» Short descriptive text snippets
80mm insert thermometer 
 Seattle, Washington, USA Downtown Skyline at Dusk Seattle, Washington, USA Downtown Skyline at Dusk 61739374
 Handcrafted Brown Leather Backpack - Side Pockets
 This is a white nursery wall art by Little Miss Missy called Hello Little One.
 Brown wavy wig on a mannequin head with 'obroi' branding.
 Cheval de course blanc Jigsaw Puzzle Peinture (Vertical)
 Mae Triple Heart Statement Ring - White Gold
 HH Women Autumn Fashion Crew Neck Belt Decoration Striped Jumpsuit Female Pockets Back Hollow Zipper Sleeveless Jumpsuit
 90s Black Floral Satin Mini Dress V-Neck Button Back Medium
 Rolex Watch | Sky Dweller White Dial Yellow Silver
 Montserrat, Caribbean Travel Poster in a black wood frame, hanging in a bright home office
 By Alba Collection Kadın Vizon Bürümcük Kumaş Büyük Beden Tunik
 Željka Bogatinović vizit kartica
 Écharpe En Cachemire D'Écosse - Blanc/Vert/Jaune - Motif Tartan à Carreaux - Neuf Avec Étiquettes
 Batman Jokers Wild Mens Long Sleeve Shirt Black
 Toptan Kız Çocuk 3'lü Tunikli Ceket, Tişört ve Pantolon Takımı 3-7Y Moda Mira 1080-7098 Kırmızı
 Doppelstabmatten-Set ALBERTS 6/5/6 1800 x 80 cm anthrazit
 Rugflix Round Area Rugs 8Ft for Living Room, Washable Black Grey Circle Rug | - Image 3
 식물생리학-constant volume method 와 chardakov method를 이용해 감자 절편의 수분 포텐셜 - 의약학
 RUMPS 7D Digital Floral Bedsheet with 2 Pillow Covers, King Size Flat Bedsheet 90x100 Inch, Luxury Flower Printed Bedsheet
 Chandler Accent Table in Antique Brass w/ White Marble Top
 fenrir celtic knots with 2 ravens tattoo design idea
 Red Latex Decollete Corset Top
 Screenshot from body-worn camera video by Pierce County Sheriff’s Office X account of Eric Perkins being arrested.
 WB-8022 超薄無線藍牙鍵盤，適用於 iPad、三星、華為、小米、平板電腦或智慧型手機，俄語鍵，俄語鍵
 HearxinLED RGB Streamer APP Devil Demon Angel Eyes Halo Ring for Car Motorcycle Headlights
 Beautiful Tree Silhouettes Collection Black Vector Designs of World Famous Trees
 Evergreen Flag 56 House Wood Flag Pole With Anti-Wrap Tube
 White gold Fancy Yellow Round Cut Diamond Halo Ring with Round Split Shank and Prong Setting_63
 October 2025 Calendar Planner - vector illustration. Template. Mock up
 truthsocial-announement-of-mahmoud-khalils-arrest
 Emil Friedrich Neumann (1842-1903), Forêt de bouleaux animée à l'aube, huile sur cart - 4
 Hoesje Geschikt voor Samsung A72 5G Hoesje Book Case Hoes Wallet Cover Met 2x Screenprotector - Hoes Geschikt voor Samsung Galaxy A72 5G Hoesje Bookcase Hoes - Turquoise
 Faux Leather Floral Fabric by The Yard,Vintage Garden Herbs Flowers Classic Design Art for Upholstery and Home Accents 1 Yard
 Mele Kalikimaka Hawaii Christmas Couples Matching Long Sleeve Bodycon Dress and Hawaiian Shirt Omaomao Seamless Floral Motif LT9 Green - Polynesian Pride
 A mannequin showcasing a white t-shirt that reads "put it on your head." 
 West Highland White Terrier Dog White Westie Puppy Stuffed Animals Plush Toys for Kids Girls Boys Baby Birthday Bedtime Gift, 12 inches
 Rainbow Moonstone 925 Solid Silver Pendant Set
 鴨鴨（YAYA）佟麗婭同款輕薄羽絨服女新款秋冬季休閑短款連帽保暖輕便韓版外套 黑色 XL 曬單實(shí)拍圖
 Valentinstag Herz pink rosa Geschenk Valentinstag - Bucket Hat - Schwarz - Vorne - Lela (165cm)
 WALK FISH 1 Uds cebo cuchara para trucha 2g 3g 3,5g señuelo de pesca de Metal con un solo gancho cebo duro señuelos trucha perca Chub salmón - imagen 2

» WHAT THIS TASK INVOLVES
Output, and output only, the lines from the one containing "Evergreen Flag 56" through the last line of the data above.

» RESULT
 Evergreen Flag 56 House Wood Flag Pole With Anti-Wrap Tube
 White gold Fancy Yellow Round Cut Diamond Halo Ring with Round Split Shank and Prong Setting_63
 October 2025 Calendar Planner - vector illustration. Template. Mock up
 truthsocial-announement-of-mahmoud-khalils-arrest
 Emil Friedrich Neumann (1842-1903), Forêt de bouleaux animée à l'aube, huile sur cart - 4
 Hoesje Geschikt voor Samsung A72 5G Hoesje Book Case Hoes Wallet Cover Met 2x Screenprotector - Hoes Geschikt voor Samsung Galaxy A72 5G Hoesje Bookcase Hoes - Turquoise
 Faux Leather Floral Fabric by The Yard,Vintage Garden Herbs Flowers Classic Design Art for Upholstery and Home Accents 1 Yard
 Mele Kalikimaka Hawaii Christmas Couples Matching Long Sleeve Bodycon Dress and Hawaiian Shirt Omaomao Seamless Floral Motif LT9 Green - Polynesian Pride
 A mannequin showcasing a white t-shirt that reads "put it on your head." 
 West Highland White Terrier Dog White Westie Puppy Stuffed Animals Plush Toys for Kids Girls Boys Baby Birthday Bedtime Gift, 12 inches
 Rainbow Moonstone 925 Solid Silver Pendant Set
 鴨鴨（YAYA）佟麗婭同款輕薄羽絨服女新款秋冬季休閑短款連帽保暖輕便韓版外套 黑色 XL 曬單實(shí)拍圖
 Valentinstag Herz pink rosa Geschenk Valentinstag - Bucket Hat - Schwarz - Vorne - Lela (165cm)
 WALK FISH 1 Uds cebo cuchara para trucha 2g 3g 3,5g señuelo de pesca de Metal con un solo gancho cebo duro señuelos trucha perca Chub salmón - imagen 2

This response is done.